The report goes on to list a series of “other issues” observed during the course of the department’s review, including the discovery of a money order stapled to a bail bond transmittal form and an appearance bond.

According to the report, the document, which was uncovered on Oct. 30, 2019, was signed by the Chief Magistrate but lacked accompanying documentation indicating the offense because a case was not set up in the court’s system.

“The date on the money order found while we were reviewing case files is Aug. 30, 2018,” the report stated. “This means this money order was in the magistrate’s office 14 months without being recorded.”

The report goes on to state that this incident “is an example of the magistrate’s office not setting up cases properly but still collecting funds as payment.

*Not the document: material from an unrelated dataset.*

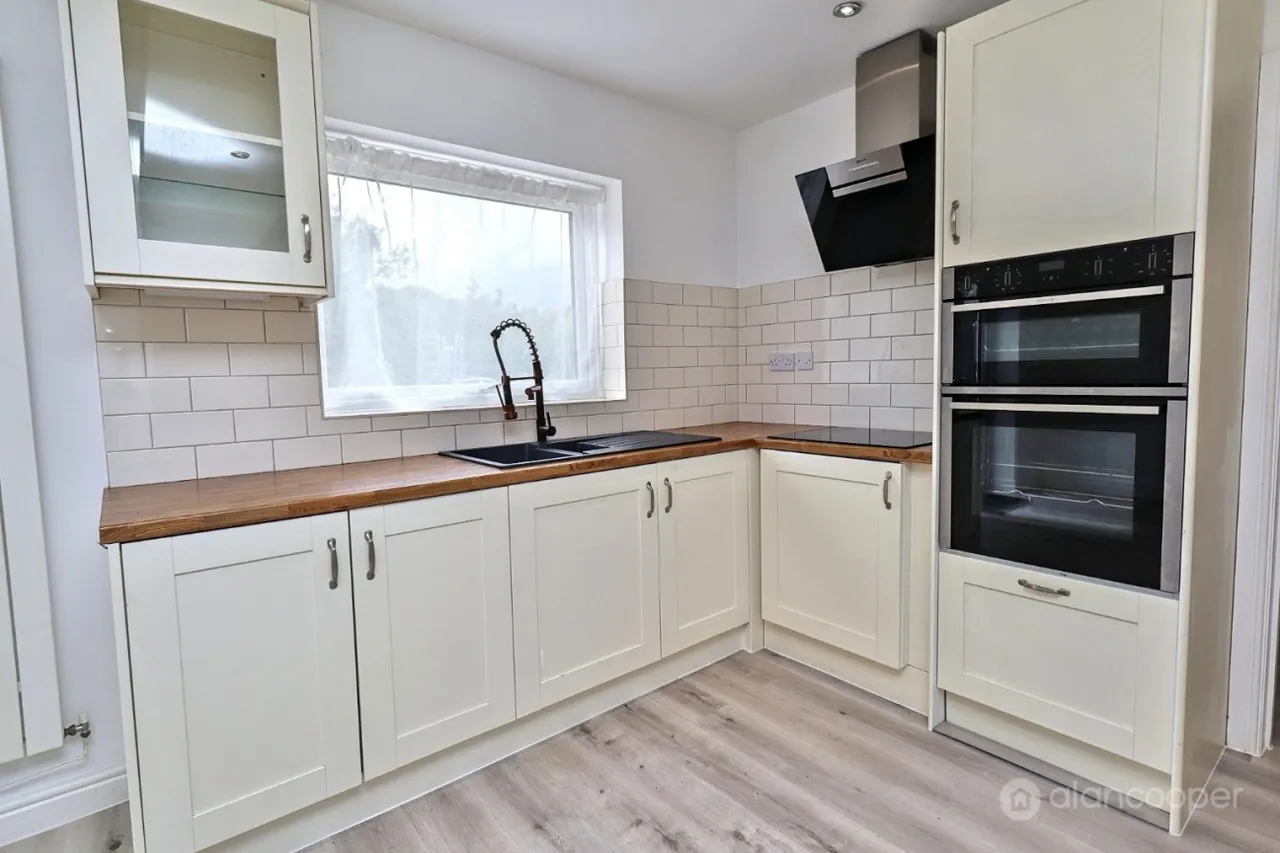 Eagle Close, Thornhill, CV11, photo 10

The report also notes that examiners found a stack of unprocessed payments sitting on the magistrate’s desk, atop which was a bail bond fee transmittal form dated September 2018, roughly one year before it was discovered by examiners.

Examiners also reviewed monthly receipts and disbursements from the municipal court – testing October 2018, examiners found that the court properly recorded and deposited into the city’s bank account just over $9,760, but there were no disbursements made to other entities despite records showing funds had been collected for them.

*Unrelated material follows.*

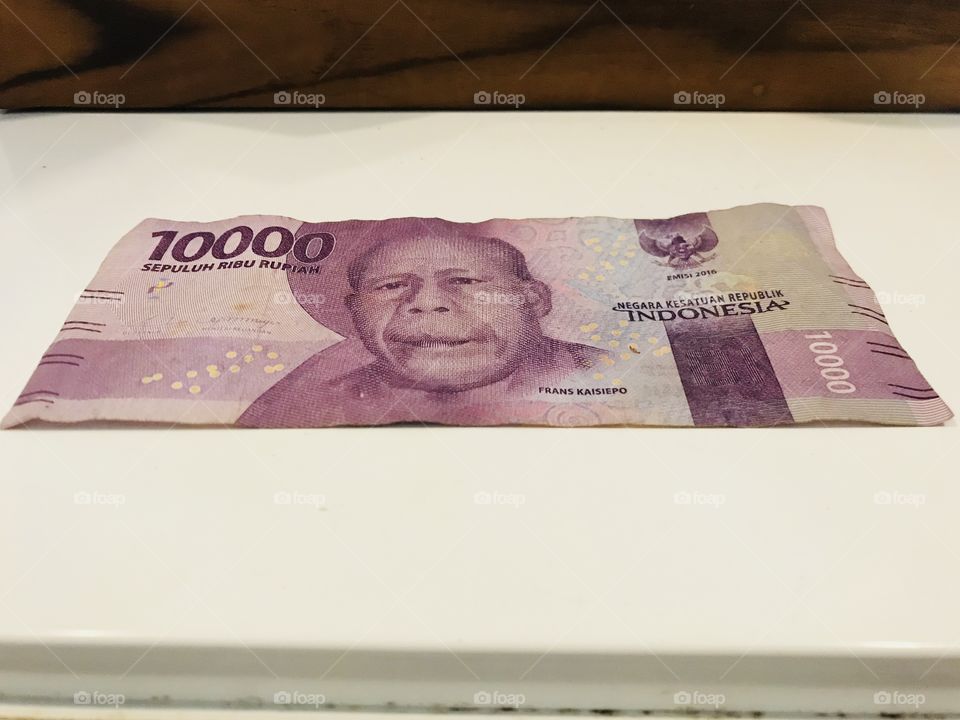 Indonesian rupiah 10 000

The report goes on to state that funds collected by the municipal court were not “accurately disbursed” to other agencies and that funds owed to the city by other agencies were not collected due to errors in the general ledger.

Examiners noted the following in the city’s general ledger:

• A reclassification of $50,075.22 was recorded on Sept. 30, 2016, to the City Portion Fair Trial Tax revenue – the report states that the money is the culmination of Fair Trial Tax revenue collections payable to the state, but it was reclassified in the city’s books to a local revenue account;

• An accounts payable invoice was charged to the American Village Citizen Trust Fund in February 2019 for $1,371, but the city’s check register did not show a check written to this fund in the 2019 fiscal year;

• The city’s Bail Bond Fee Fund had an account with a balance of $66,143 due to other entities as of Sept. 30, 2018, which had not been paid out as of Aug. 20, 2019.

The report closes by noting that the city was not paying out amounts received from the court in a timely manner, with the city’s general ledger showing that balances due to other agencies were being carried over from one year to the next.